About 9 months ago, namely on February 24, 2022, the world around us changed dramatically. The era of diplomatic agreements was replaced by an era of armed and aggressive confrontation.
The world, which seemed never to experience the horrors of the World Wars, again had to learn about the bombing of peaceful cities, the mass invasion of foreign troops into the territory of an independent European country, the murder and torture of civilians and millions of refugees.
The reason for another world shock was, and this is not surprising, the country that has called itself the most “peaceful” and “friendly to all” for many years – the Russian Federation.
Having invented (or perhaps believing in his own fabrications) fantastic reasons for the attack, President Putin ordered a full-scale invasion of the territory of independent Ukraine by Russian troops.
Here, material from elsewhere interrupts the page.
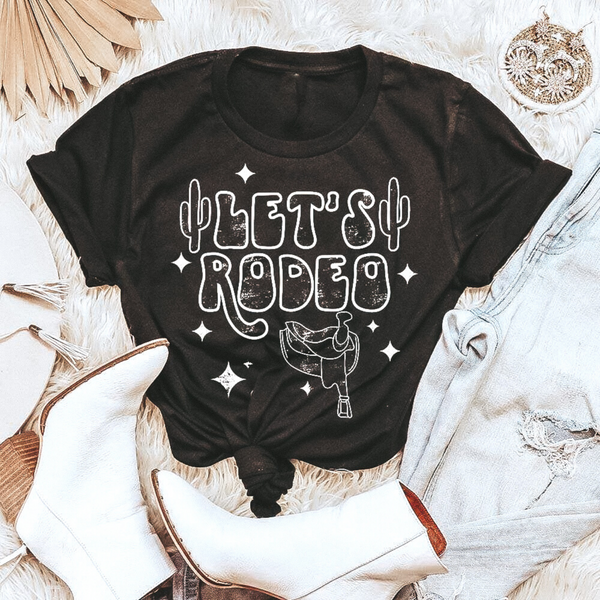 Black graphic tee with "Let's Rodeo" in cute font.  Surrounded by stars, cacti and saddle.  You can see this tee paired with white booties and light wash jeans.  Shirt is laid on top of a fuzzy run with cute trinkets surrounding.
Intending to carry out a blitzkrieg, the Russian military launched a missile and bomb attack in the morning of February 24 and brought in tank columns from the territory of Belarus, eastern regions and from the territory of the previously occupied Crimea. But heavy losses in equipment, weapon and manpower, which the aggressor received as a result of strong resistance of the Ukrainian people, forced Putin to abandon his previous plans.
The failure in planning the so-called special military operation revealed huge systemic miscalculations in strategic and operational-tactical planning, personnel and mobilization policy of the Russian Armed Forces, the work of the entire Russian military-industrial complex, etc.
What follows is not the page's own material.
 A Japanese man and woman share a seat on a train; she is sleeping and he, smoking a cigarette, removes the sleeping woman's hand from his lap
Having suffered huge losses and after the low defeats on the battlefield, the terrorist country was forced to change the tactics of warfare, focusing on the missile strikes on civilian infrastructure. And the consequences of this tactic are dozens, and possibly hundreds of civilian casualties.
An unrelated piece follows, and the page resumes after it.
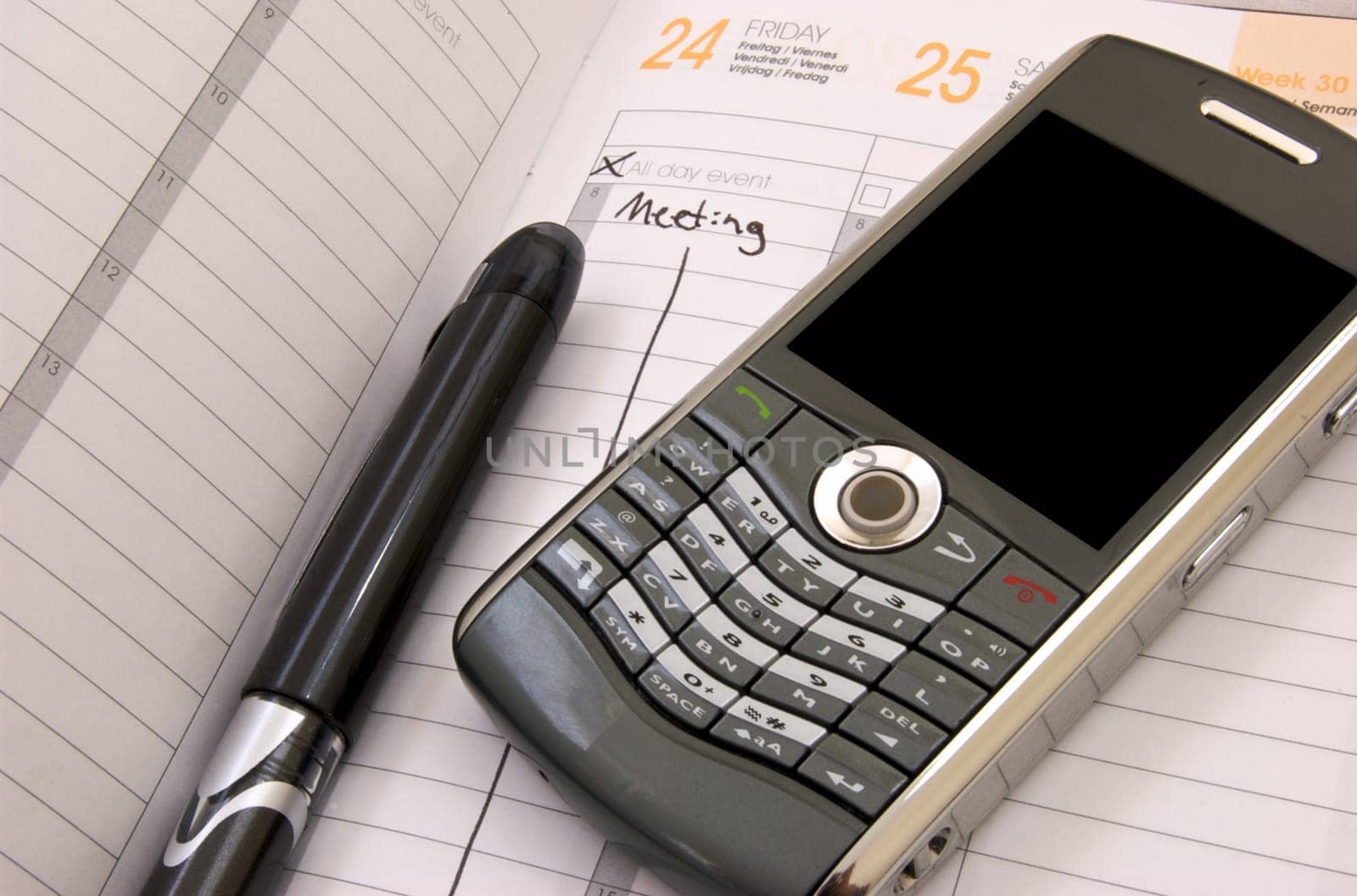 Business Planner showing a meeting on friday with a pen and a smart phone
The very fact of using such powerful weapons against civilian Ukrainians is nothing but modern terrorism at the state level. In total, since the full-scale aggression of Russia against Ukraine, about 4.5 thousand missiles of various systems and types have been launched.
It will be interesting to consider in more detail the main types of missiles used by the Russian Federation.
|Missile||Type||In service||Operational range||Warhead Weight|
|Kh-22||Air-launched cruise missile||from 1967||up to 600 km||1000 kg|
|Kh-55||Air-launched cruise missile||from 1983||up to 2500 km||410 kg|
|Kh-59||Air-launched cruise missile||from 1980||up to 290 km||320 kg|
|Kh-555||Air-launched cruise missile||from 2004||up to 2500 km||410 kg|
|Kh-101||Air-launched cruise missile||from 2013||up to 5500 km||400-430 kg|
|Kh-47м2 Kinzhal||Hypersonic aero-ballistic air-to-surface missile||from 2017||up to 3000 km||500 kg|
|3M-54 Kalibr||Multi-launched cruise missile||from 1994||up to 2500 km||400-500 kg|
|9K720 Iskander||Short-range ballistic missile||from 2006||up to 500 km||480-700 kg|
|S-300||Surface-to-air missile systems||from 1978||about 40 km||150 kg|
|OTR-21 Tochka U||Tactical ballistic missile||from 1976||70-120 km||160 kg|
The nomenclature is quite wide and you can even see relatively modern weapons, but the bulk of missile strikes are old Soviet-made missiles.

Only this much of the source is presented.